Donald Judd remains one of the most significant artists of the twentieth century. His radical ideas and work continue to provoke and influence the fields of art, architecture, and design.
Donald Clarence Judd was born on June 3, 1928 in Excelsior Springs, Missouri. He served in the United States Army in Korea from June 1946 until November 1947. Upon his return to the United States, Judd studied philosophy and art history at Columbia University and painting at the Art Students League. From 1959 to 1965, he worked as an art critic, often writing over a dozen reviews a month. Judd was a painter until the early 1960s, when he began making work in three dimensions which changed the idea of art. Throughout his lifetime Judd advocated for the importance of art and artistic expression. He wrote extensively on the importance of land preservation, empirical knowledge, and engaged citizenship.
In the 1960s Donald Judd determined a basic vocabulary of materials and forms that he would use throughout his practice, placing simple geometric boxes directly on the floor or spaced evenly along the wall. In forgoing the pedestal, he engaged viewers in a bodily experience that happened in real time and space. He identified and deployed new industrial materials—such as anodized aluminum, Plexiglas, and plywood—that had no precedent in the visual arts. These were used in the construction of square planes, cubes, and rectangular pipes. Rejecting traditional notions of craftsmanship in favor of an industrial production more true to the nature of his materials, Judd delegated the fabrication of his objects to specialized technicians who followed instructions and sketches provided by the artist. Judd developed his ideas concerning the permanent installation of artwork first in New York, at 101 Spring Street, a five-story cast-iron building he purchased in 1968. Judd began to purchase properties in Marfa in 1973 where he would continue permanently installing his work and the work of others until his death in 1994. These spaces, including studios, living quarters, and ranches, reflect the diversity of his life’s work. Judd established the Judd Foundation in 1977, founded to preserve his art, spaces, libraries, and archives as a standard for the installation of his work. He founded the Chinati Foundation /La Fundación Chinati in 1986 specifically for the permanent installation of large-scale works by himself and his contemporaries.
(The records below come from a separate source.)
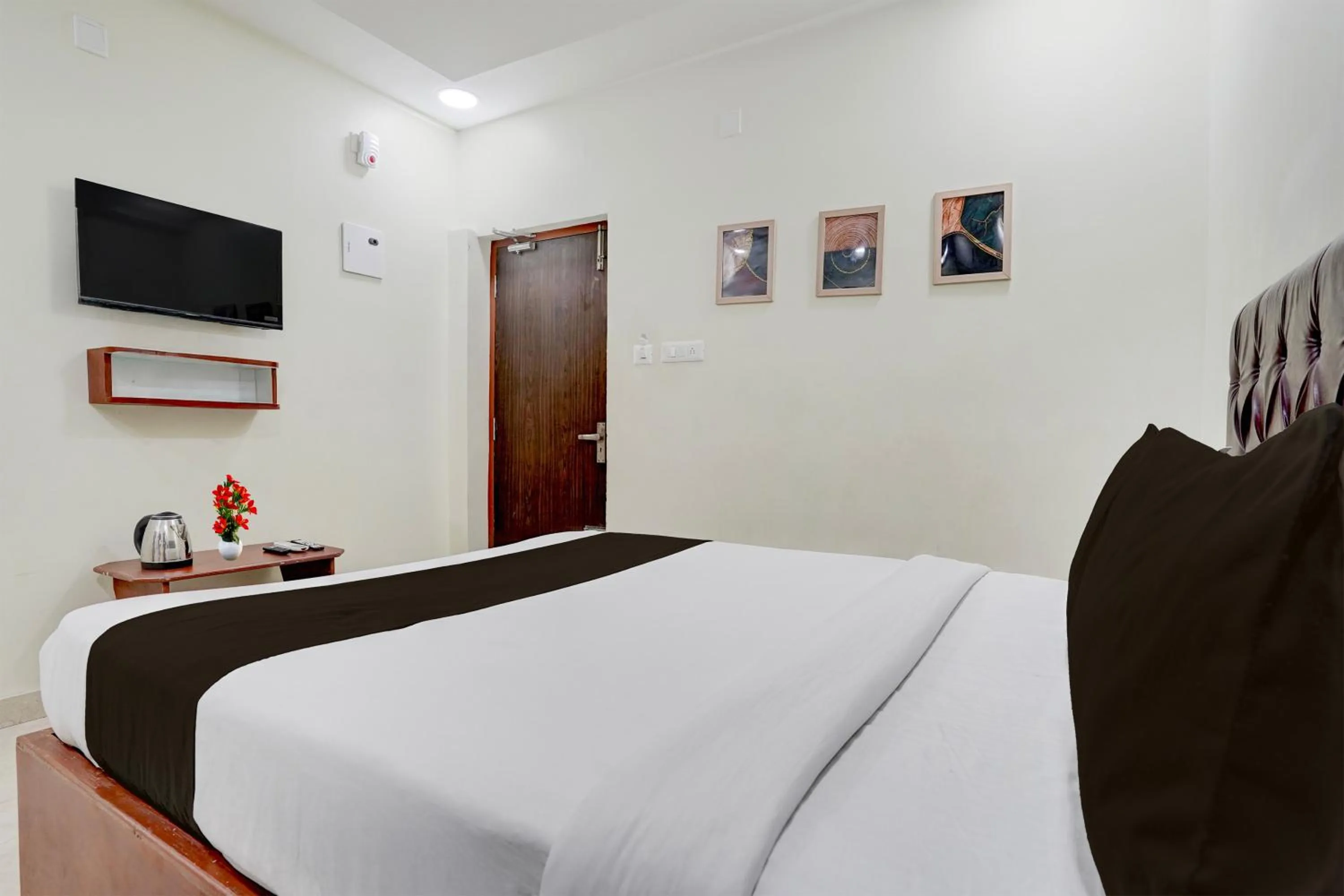 Bedroom, Bed in Super Hotel O Magunta Layout Nellore Formerly The Paradise Guest Inn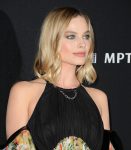 Margot Robbie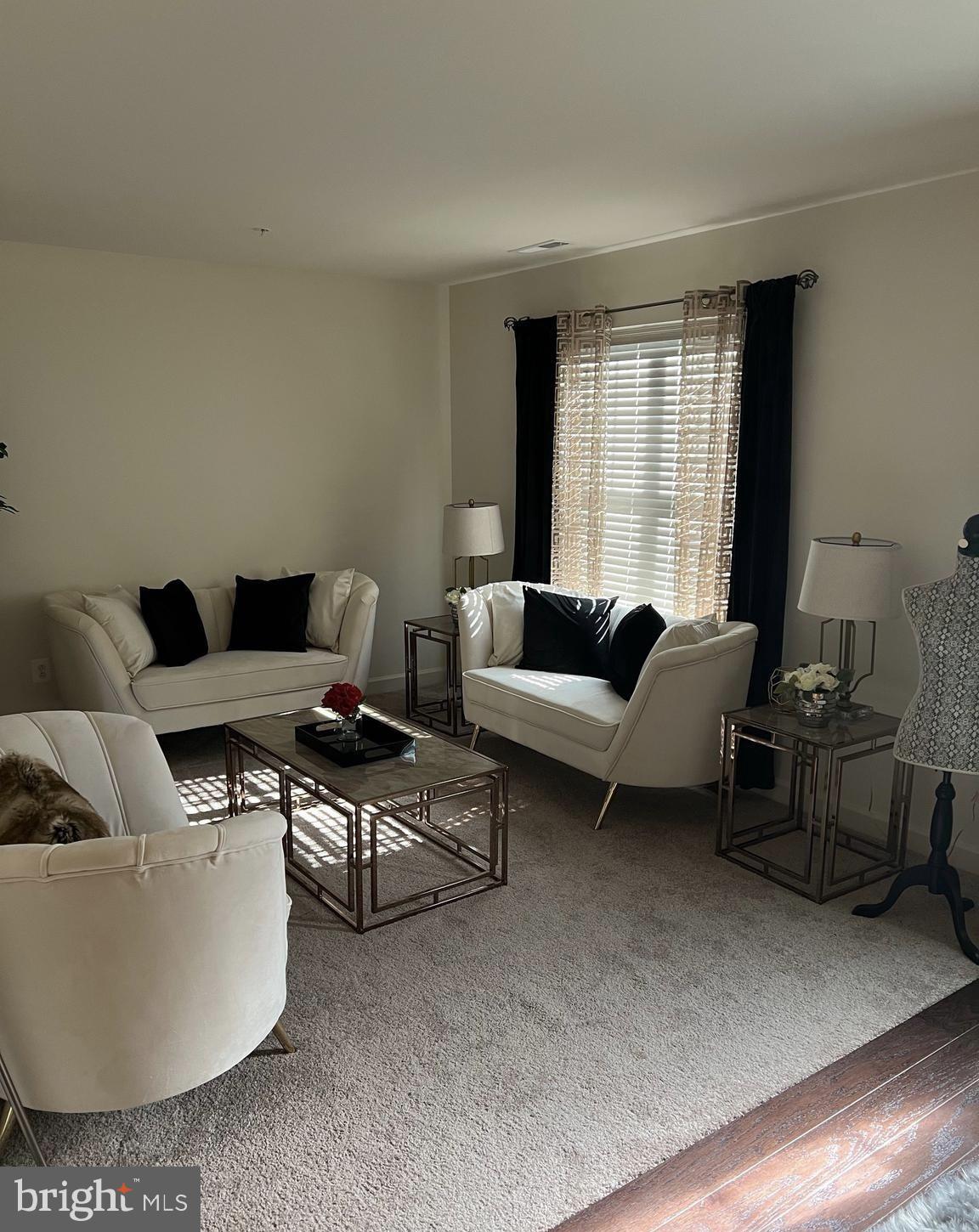 7310 WOOD POND CIRCLE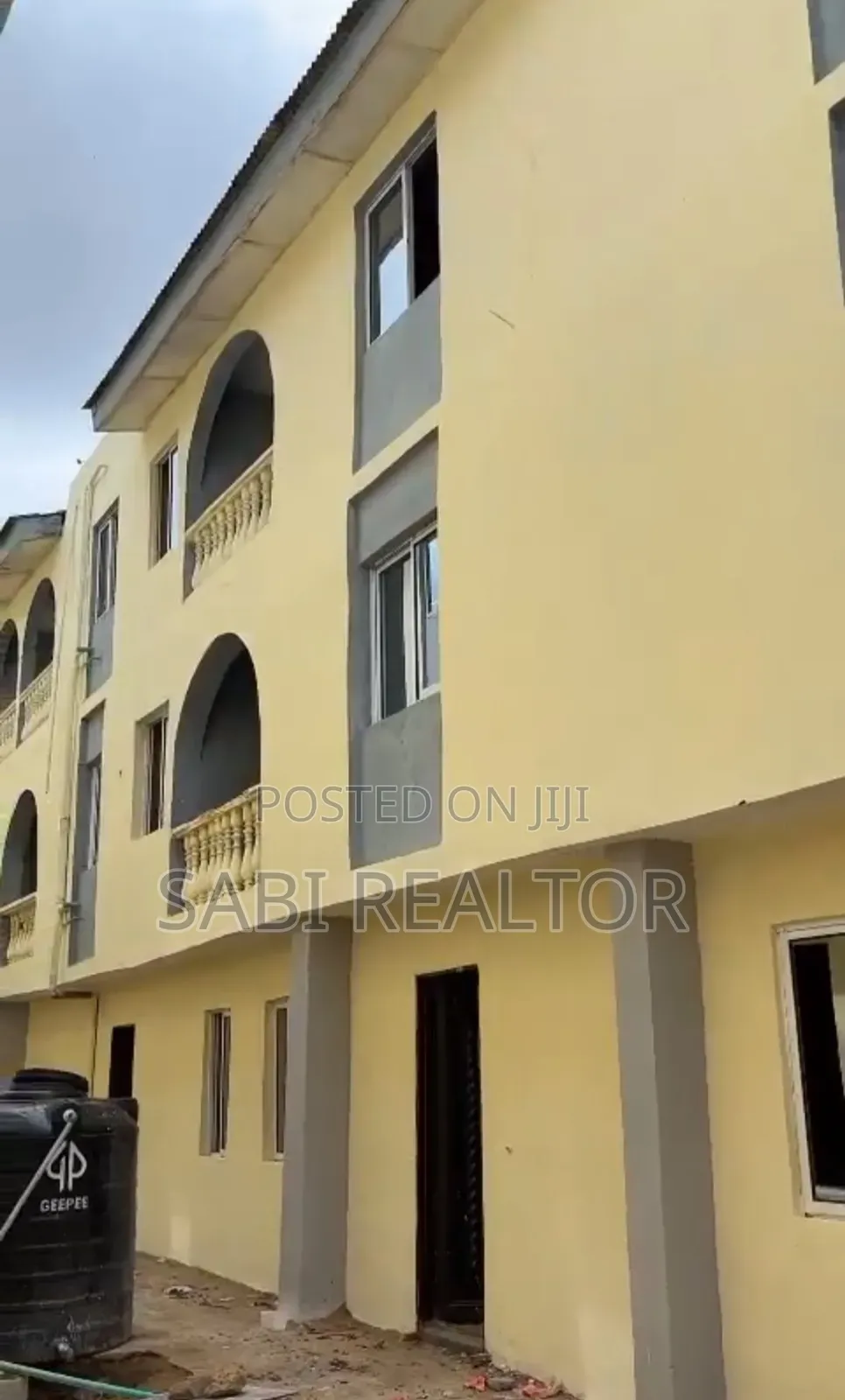 3bdrm Block of Flats in Egbeda for sale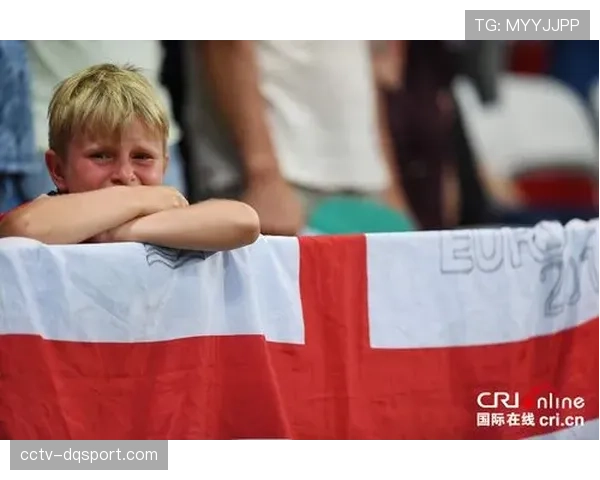 小球迷冲入场内与偶像维尼修斯击掌，随后被安保带离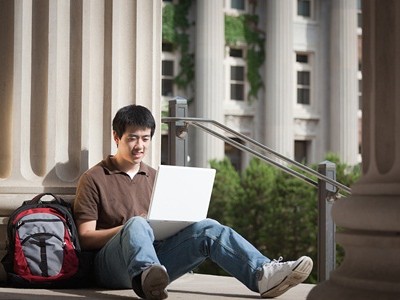 Nam sinh viên Trung Quốc trong khuôn viên một trường đại học ở Mỹ. Ảnh: VCG.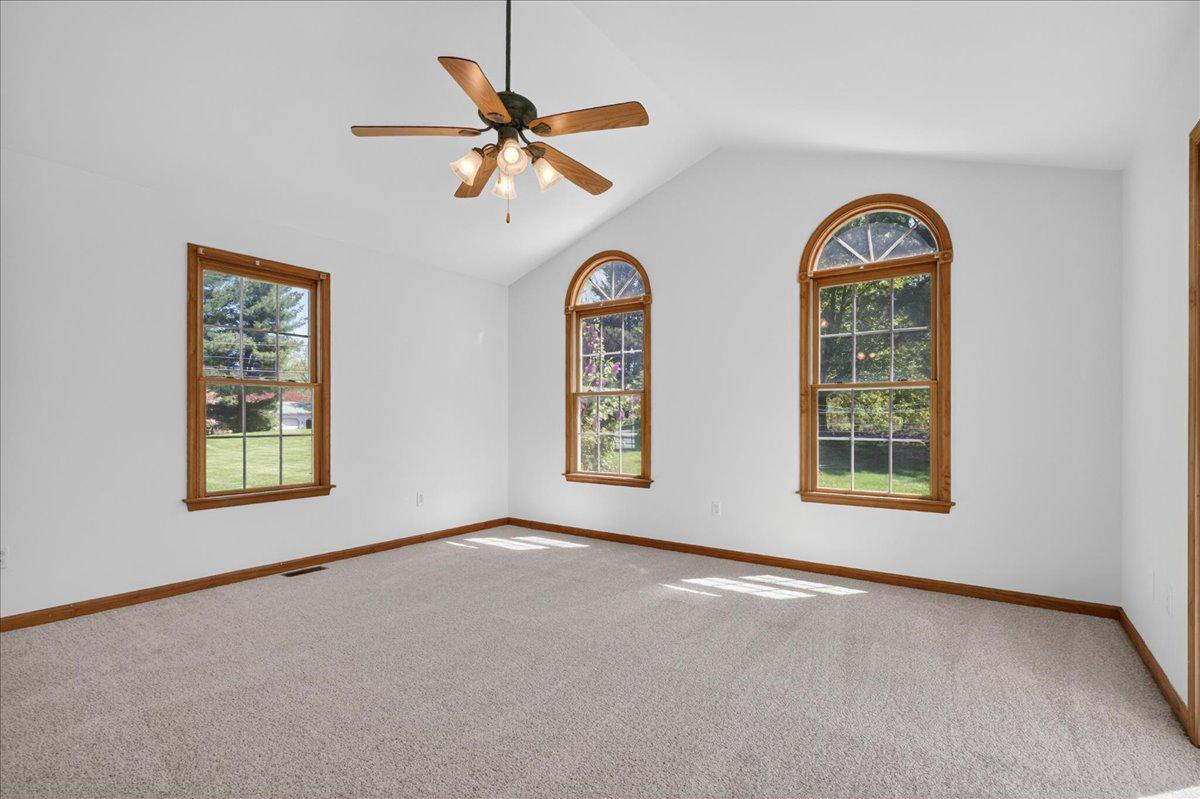 GREEN MANOR FARMS - Residential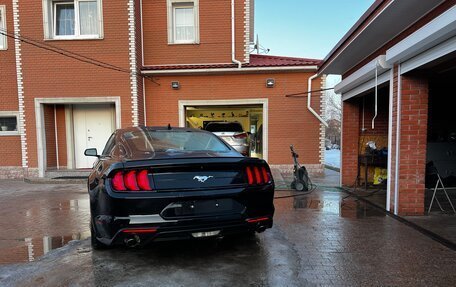 Ford Mustang VI рестайлинг, 2022 год, 4 400 000 рублей, 8 фотография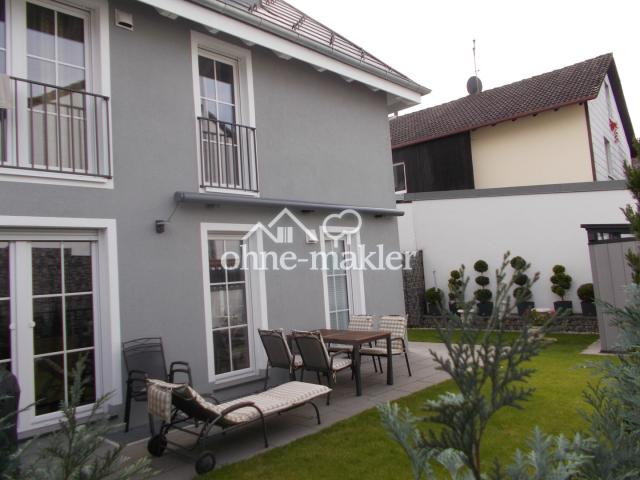 Haus mit Terrasse u. Garten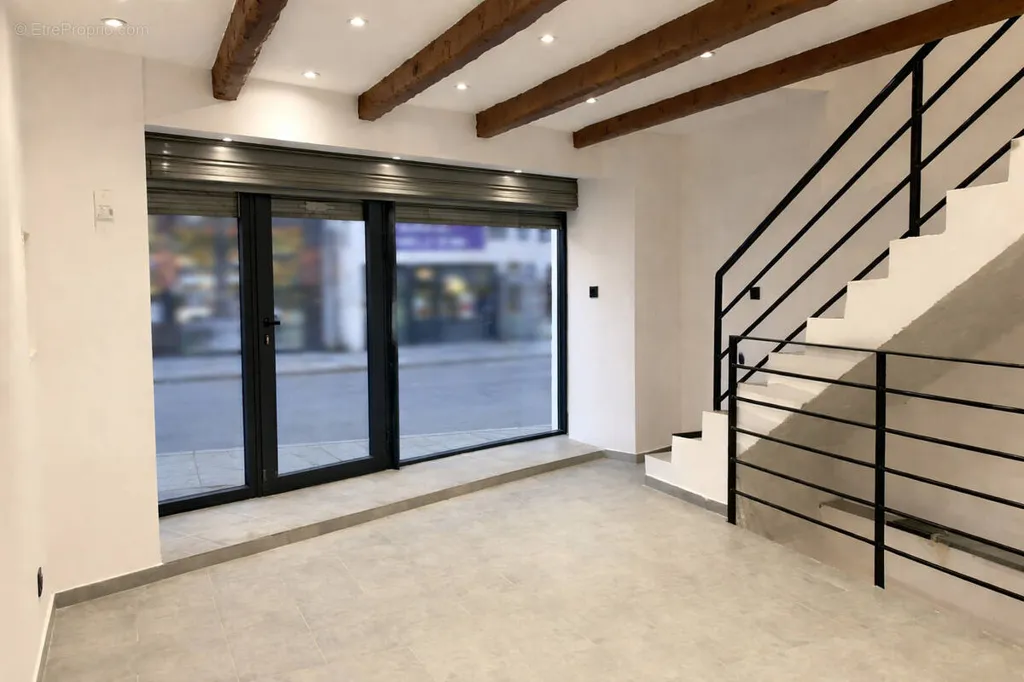 Pièces - Local Commercial Rénové à Marseille 3e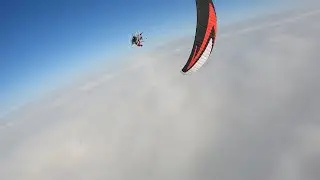 08 listopada 2025 Paramotor nad chmurami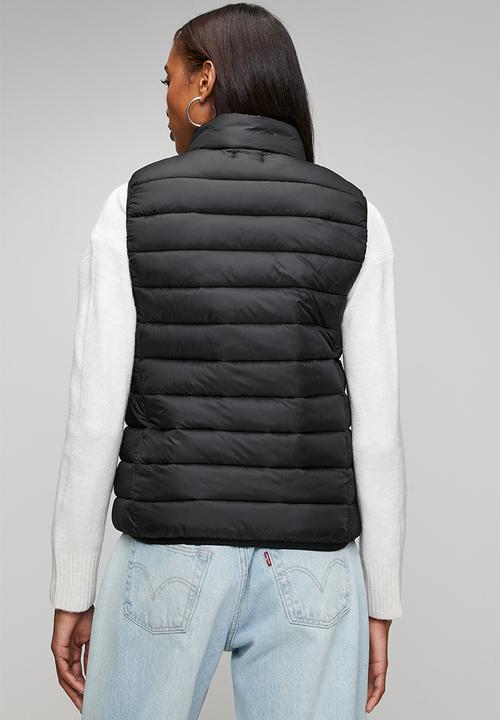 MANDI - Sleeveless Zip Through Puffer Jacket - Black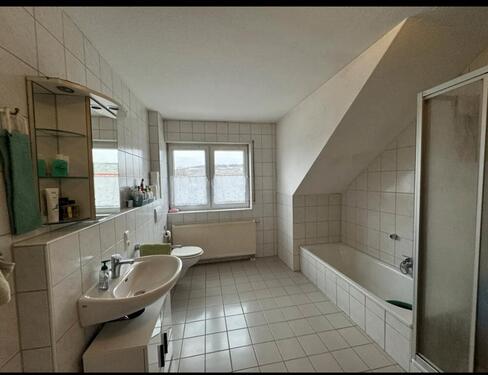 Foto - 5 Zimmer Dachgeschoßwohnung zum Kaufen in Gau-Bickelheim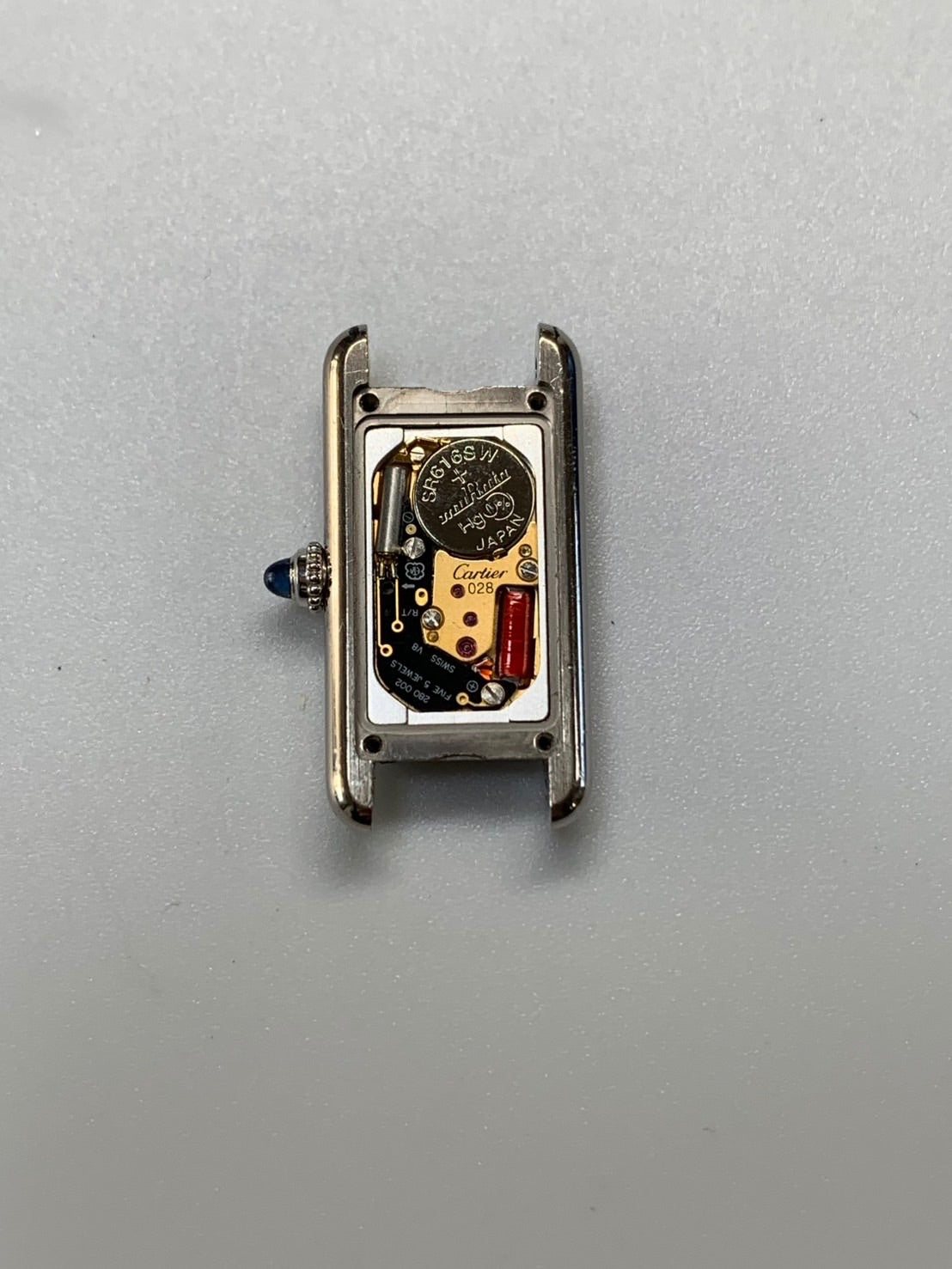 カルティエ タンク アロンジェ 2680 クォーツ Cal.028 750WG 革 純正ピンバックル(750WG)ホワイトローマン文字盤(SWISS MADE表記)オーバーホール済み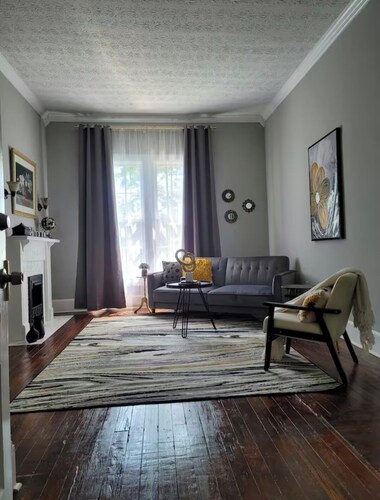 Charming 1-bedroom upstairs apartment in brilliant Dublin, GA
For almost four decades, Judd exhibited throughout the United States, Europe, and Asia with his work in museum collections worldwide. Major exhibitions of his work include the Whitney Museum of American Art, New York (1968, 1988); the National Gallery of Canada, Ottawa (1975); Stedelijk Van Abbemuseum, Eindhoven (1970); and Tate Modern, London (2004). The Museum of Modern Art, New York will present a major retrospective of his work March 1 to July 11, 2020.